Je travaille depuis 2006 sur la création sonore autour de la veuze. C’est donc une ligne artistique de près de vingt ans. J’ai appris la musique avec un grand musicien qui est aussi luthier, Thierry Bertrand. J’ai eu envie d’être confronté à la fabrication de l’instrument, travailler avec des outils de luthier. J’ai posé des capteurs, j’ai modifié les matières, le cuir, le bois, j’ai cherché des nouvelles sonorités et des modes de jeu. Plusieurs créations ont été comme des temps de recherche sur cette ligne-là : Trafic sonore avec Youn Kamm, Les Allumés du chalumeau avec Ronan Le Gourrierec, Freedom for pipes avec Erwan Keravec, Souffler dans un violoncelle avec Erwan Martinerie, La Circulaire avec Sylvain Girault et Erwan Hamon

En 2019 j’ai eu envie de travailler avec Mathias Delplanque qui est un producteur et un musicien touche à tout, quelqu’un qui un gros bagage en musiques électros.
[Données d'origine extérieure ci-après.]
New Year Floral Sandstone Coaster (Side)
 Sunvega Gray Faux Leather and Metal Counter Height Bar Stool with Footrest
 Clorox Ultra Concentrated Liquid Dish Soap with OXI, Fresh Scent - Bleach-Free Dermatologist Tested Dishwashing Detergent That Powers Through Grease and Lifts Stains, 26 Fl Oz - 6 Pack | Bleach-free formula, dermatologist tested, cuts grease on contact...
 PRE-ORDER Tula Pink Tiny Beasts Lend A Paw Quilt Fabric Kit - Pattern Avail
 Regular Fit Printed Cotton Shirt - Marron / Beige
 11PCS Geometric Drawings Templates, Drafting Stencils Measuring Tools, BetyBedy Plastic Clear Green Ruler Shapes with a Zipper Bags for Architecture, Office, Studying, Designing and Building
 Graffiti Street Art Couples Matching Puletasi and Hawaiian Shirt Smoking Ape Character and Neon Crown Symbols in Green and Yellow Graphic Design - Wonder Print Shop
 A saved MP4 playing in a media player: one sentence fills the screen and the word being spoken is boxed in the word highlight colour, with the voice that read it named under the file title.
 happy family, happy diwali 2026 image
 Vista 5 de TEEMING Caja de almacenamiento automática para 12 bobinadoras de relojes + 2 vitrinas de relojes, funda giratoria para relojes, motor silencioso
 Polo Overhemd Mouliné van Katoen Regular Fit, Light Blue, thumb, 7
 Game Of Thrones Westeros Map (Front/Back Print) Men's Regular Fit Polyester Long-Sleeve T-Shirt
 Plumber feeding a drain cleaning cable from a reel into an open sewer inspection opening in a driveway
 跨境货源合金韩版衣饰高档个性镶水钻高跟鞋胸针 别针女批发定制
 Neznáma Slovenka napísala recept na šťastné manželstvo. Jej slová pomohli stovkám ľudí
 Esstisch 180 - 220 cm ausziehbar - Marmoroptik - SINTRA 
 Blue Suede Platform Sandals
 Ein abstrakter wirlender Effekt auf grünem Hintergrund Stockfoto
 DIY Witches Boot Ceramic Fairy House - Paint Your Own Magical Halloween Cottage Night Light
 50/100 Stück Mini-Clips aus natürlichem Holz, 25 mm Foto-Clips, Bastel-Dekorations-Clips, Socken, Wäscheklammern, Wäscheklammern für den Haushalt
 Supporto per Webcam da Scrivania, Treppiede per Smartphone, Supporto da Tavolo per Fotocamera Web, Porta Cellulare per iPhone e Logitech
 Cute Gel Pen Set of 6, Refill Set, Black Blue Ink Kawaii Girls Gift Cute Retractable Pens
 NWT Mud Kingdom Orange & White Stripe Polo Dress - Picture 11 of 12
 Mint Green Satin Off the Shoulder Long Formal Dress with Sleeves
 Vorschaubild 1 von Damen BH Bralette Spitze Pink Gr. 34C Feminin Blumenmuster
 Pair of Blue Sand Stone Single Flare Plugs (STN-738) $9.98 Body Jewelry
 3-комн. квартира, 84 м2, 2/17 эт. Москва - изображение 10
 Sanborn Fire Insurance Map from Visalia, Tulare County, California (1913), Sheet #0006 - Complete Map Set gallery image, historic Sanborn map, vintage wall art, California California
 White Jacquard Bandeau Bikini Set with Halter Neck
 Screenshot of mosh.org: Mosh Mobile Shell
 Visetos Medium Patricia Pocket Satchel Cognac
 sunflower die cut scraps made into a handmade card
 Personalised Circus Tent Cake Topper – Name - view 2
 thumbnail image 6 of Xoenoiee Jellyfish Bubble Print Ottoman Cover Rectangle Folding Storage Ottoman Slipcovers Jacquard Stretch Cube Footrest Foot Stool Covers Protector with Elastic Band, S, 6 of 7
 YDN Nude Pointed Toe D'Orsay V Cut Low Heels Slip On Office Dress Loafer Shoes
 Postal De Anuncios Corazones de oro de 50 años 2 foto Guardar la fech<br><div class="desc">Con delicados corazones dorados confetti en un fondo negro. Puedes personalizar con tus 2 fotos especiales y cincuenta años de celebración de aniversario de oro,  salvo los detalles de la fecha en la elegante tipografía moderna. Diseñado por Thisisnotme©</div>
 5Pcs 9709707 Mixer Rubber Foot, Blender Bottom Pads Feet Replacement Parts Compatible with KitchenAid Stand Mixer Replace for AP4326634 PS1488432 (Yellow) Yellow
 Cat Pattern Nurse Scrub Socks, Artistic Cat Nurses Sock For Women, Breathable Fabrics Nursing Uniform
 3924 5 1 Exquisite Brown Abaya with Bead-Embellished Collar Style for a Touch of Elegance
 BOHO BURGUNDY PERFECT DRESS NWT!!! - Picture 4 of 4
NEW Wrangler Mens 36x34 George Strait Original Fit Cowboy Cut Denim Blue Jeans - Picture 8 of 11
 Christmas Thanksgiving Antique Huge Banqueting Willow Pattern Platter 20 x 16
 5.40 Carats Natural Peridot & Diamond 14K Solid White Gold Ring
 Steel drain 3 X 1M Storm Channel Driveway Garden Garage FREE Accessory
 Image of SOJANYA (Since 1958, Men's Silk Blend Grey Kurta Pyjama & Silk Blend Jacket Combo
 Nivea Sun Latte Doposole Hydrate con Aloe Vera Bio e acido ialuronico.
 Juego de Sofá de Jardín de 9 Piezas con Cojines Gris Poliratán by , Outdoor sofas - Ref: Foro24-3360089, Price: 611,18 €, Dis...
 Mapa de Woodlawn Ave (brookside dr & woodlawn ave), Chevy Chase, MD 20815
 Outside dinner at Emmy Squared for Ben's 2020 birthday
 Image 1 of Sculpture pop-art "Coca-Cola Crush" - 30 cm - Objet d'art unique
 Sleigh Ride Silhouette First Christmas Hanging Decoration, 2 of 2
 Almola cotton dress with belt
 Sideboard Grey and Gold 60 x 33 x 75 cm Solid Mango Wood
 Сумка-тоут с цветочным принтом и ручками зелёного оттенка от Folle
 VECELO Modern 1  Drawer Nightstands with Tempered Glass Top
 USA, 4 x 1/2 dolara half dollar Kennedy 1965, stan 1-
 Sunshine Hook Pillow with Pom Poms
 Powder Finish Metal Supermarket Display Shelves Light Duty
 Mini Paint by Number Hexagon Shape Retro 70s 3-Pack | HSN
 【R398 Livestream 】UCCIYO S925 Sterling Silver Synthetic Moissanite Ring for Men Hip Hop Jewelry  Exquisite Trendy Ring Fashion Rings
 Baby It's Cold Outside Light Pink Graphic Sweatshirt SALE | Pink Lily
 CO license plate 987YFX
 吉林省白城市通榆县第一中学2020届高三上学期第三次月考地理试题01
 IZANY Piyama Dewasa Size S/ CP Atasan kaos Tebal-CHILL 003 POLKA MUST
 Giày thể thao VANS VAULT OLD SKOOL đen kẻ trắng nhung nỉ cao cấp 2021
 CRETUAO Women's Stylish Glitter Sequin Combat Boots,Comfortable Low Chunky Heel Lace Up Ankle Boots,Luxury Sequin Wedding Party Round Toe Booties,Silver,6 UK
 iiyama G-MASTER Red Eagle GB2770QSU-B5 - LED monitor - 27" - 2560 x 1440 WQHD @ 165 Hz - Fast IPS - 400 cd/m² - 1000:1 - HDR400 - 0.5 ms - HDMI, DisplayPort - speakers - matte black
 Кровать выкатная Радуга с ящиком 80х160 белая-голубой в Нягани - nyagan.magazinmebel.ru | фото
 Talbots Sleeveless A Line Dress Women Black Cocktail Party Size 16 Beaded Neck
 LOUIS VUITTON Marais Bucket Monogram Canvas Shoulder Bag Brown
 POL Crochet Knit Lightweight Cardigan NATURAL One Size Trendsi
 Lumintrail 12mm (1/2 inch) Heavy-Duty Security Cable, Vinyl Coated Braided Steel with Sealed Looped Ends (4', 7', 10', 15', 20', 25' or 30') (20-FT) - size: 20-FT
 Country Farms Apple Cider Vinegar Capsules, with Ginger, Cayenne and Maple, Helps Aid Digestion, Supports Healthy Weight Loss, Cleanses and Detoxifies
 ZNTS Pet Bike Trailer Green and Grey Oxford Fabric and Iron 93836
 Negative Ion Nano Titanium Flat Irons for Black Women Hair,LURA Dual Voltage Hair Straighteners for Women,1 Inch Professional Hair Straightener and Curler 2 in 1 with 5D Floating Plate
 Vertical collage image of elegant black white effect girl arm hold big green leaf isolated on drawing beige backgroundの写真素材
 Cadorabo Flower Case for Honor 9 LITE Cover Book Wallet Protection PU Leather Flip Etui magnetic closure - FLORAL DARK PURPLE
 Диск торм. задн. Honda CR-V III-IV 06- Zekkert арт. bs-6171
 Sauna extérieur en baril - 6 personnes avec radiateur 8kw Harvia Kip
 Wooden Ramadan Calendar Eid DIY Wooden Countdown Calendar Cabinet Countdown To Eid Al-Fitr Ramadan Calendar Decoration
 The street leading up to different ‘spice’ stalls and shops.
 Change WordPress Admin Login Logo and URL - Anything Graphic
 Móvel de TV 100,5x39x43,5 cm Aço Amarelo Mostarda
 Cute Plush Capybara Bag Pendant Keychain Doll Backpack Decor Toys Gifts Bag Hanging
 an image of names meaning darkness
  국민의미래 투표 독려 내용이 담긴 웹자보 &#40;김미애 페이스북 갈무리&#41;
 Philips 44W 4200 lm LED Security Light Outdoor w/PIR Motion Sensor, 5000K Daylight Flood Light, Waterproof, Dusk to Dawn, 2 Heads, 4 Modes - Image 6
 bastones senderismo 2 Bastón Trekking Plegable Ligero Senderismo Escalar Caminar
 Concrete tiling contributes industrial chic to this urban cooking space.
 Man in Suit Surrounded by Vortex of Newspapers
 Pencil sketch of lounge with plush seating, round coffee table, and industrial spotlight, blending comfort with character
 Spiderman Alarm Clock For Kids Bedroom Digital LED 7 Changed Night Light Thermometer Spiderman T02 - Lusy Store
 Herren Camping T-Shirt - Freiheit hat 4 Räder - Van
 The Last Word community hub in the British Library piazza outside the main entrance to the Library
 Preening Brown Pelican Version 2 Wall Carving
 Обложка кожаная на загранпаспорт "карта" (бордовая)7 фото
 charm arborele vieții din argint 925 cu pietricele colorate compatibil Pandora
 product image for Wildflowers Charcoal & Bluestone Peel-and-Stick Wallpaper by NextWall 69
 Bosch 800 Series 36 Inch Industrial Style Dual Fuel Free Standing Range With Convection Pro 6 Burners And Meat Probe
Je me suis dis j’arrête de toucher aux machines. J’ai voulu me recentrer sur les instruments acoustiques et confier le travail de traitement du son à quelqu’un capable de le faire en temps réel.

 

Qu’est-ce qui vous plait chez Mathias Delplanque ?

 

Il est vraiment libre pour jouer. Les machines avec lui sont vivantes, pas que programmées. Il a mis en place un dispositif qui lui donne beaucoup de liberté dans le jeu. Ce n’est pas évident, car on peut vite tomber dans la programmation. Là, j’ai quelqu’un qui me répond.

 

Comment compose-t-on dans ces conditions ? Avec la veuze sous le bras et une feuille ?

 

Pas beaucoup de feuilles. Je viens des musiques de tradition orale. Mathias aussi a ce rapport là à la musique. Il est né en Afrique, a écouté beaucoup de musiques du monde. J’arrive avec des bouts de thèmes que j’avais un peu puisé dans des musiques de jeu vidéo des années 90. Ce sont des amorces et j’ai fait évoluer les thèmes. Les phrases sont simples et permettent d’ornementer, de varier. C’est une méthode proche de la tradition. Et Mathias applique les rythmiques, l’orchestration et il fait du sampling en direct.

 

Vous ne jouez pas d’autres cornemuse que la veuze, pourquoi ?

 

La veuze, pour moi, est familiale. C’est mon instrument de cœur et de territoire. Je viens du marais breton-vendéen. Une des zones où on a joué la veuze le plus longtemps. Mon père en joue toujours et il a ramené l’instrument à la maison. Elle est limitée pourtant : on n’a qu’une octave, c’est une cornemuse plutôt puissante et des fois cela pose problème, mais j’essaye de pallier par autre chose. J’ai quand même une gaïda bulgare que j’aime bien, mais que je ne joue pas sur scène.

 

Comment sont venus le doudouk et le violon ?

 

Le doudouk m’a tapé dans l’oreille il y a une quinzaine d’années. Grâce à Sylvain Barou j’ai pu m’initier et avoir de bons instruments. C’est proche de la cornemuse, c’est à bourdon, c’est du son continu, modal, très ornementé. Et sa sonorité est incroyable ! Il apporte des nuances et permet de jouer d’autres répertoires. Le violon est mon premier instrument d’enfance. Je l’ai repris quand j’avais 18 ans, mais je n’en jouais jamais sur scène.